▸ **Required action**
Please transcribe, word for word, only the lines from the one containing "米アップル「iPhone」の" through the last line of the records below, both included, and leave out every picture.

▸ **Short text fragments from websites**

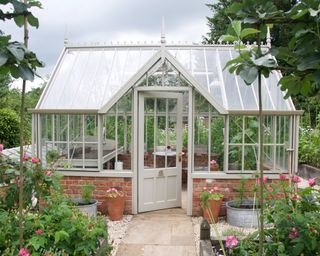 greenhouse exterior with planting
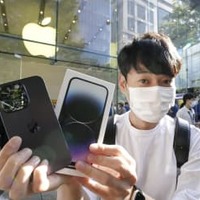 米アップル「iPhone」の新型「14」シリーズを購入した男性＝16日朝、東京・表参道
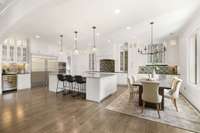 This spacious kitchen is a chef's dream - with beautiful custom cabinetry and 10 foot ceilings.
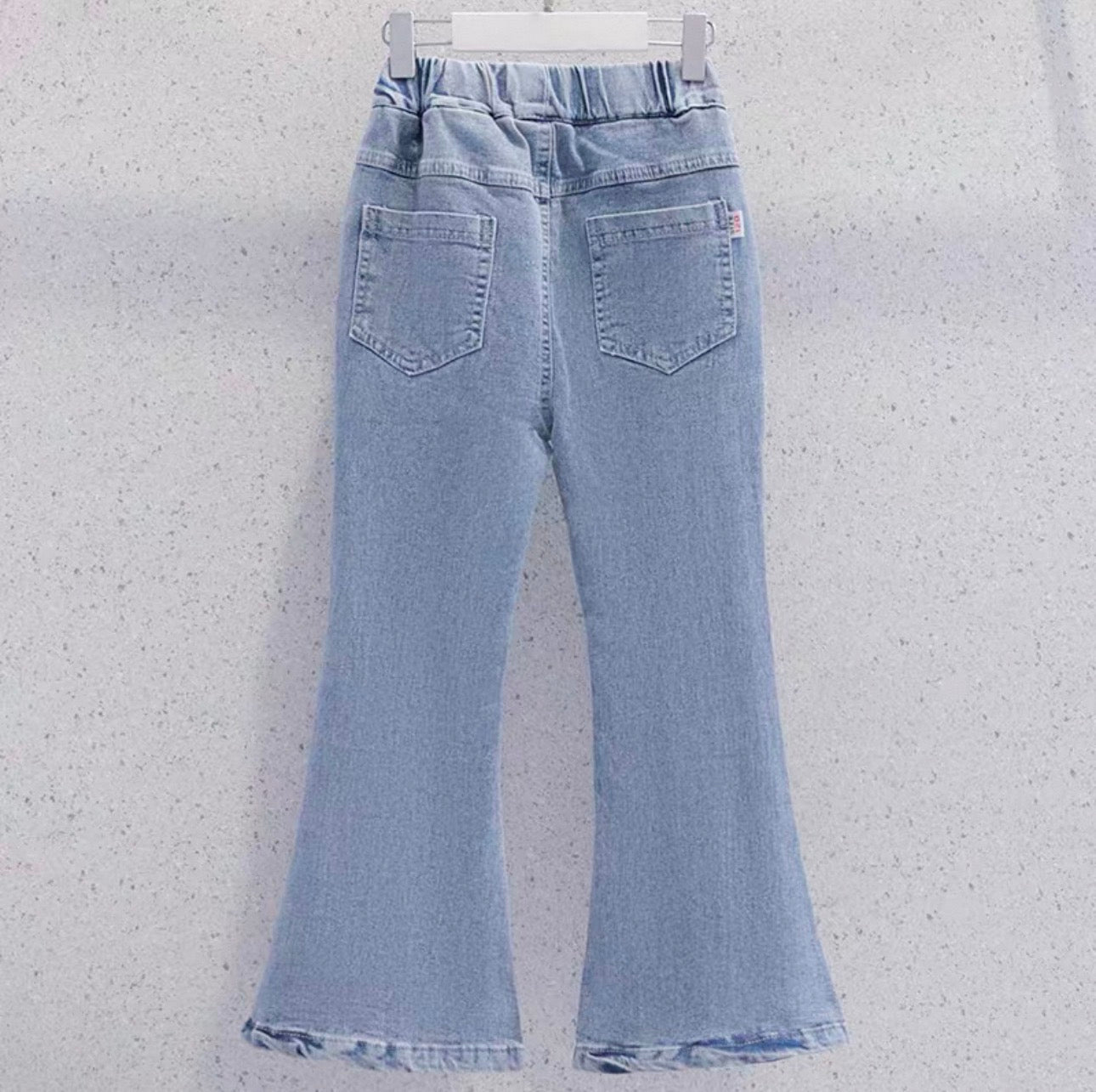Light blue flared jeans on a white hanger against a light gray background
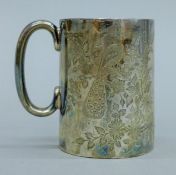 An embossed silver Christening mug. 8 cm high. 121.2 grammes.
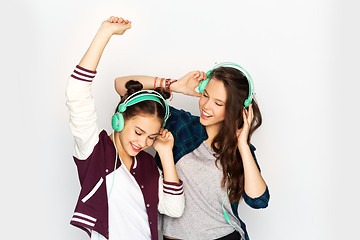 Image showing teenage girls in earphones listening to music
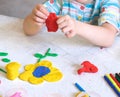 Little girl making flower with center earth planet shape from plasticine, Home Education game with clay. Early development and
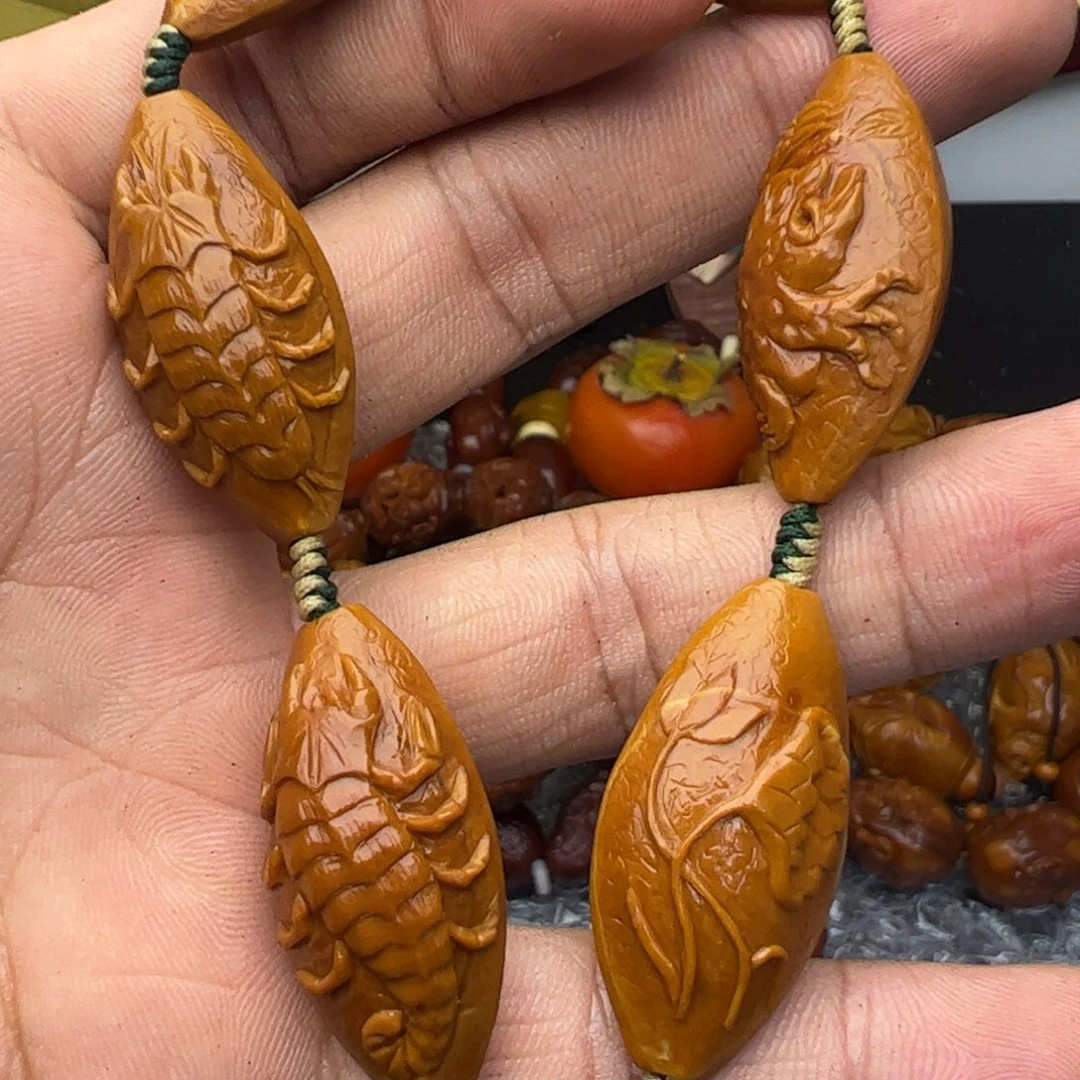 橄榄核核雕两花纯手工五毒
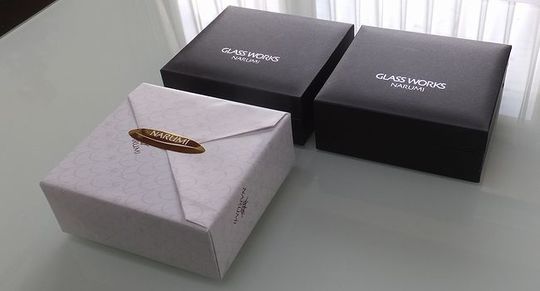 グラスワークスナルミの時計がギフトボックスに入れられ、包装紙に包まれた状態の写真。丁寧に包まれたギフトが、贈る人と受け取る人に特別な体験を提供する予感を感じさせる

▸ **Task output**
 米アップル「iPhone」の新型「14」シリーズを購入した男性＝16日朝、東京・表参道
 This spacious kitchen is a chef's dream - with beautiful custom cabinetry and 10 foot ceilings.
Light blue flared jeans on a white hanger against a light gray background
 An embossed silver Christening mug. 8 cm high. 121.2 grammes.
 Image showing teenage girls in earphones listening to music
 Little girl making flower with center earth planet shape from plasticine, Home Education game with clay. Early development and
 橄榄核核雕两花纯手工五毒
 グラスワークスナルミの時計がギフトボックスに入れられ、包装紙に包まれた状態の写真。丁寧に包まれたギフトが、贈る人と受け取る人に特別な体験を提供する予感を感じさせる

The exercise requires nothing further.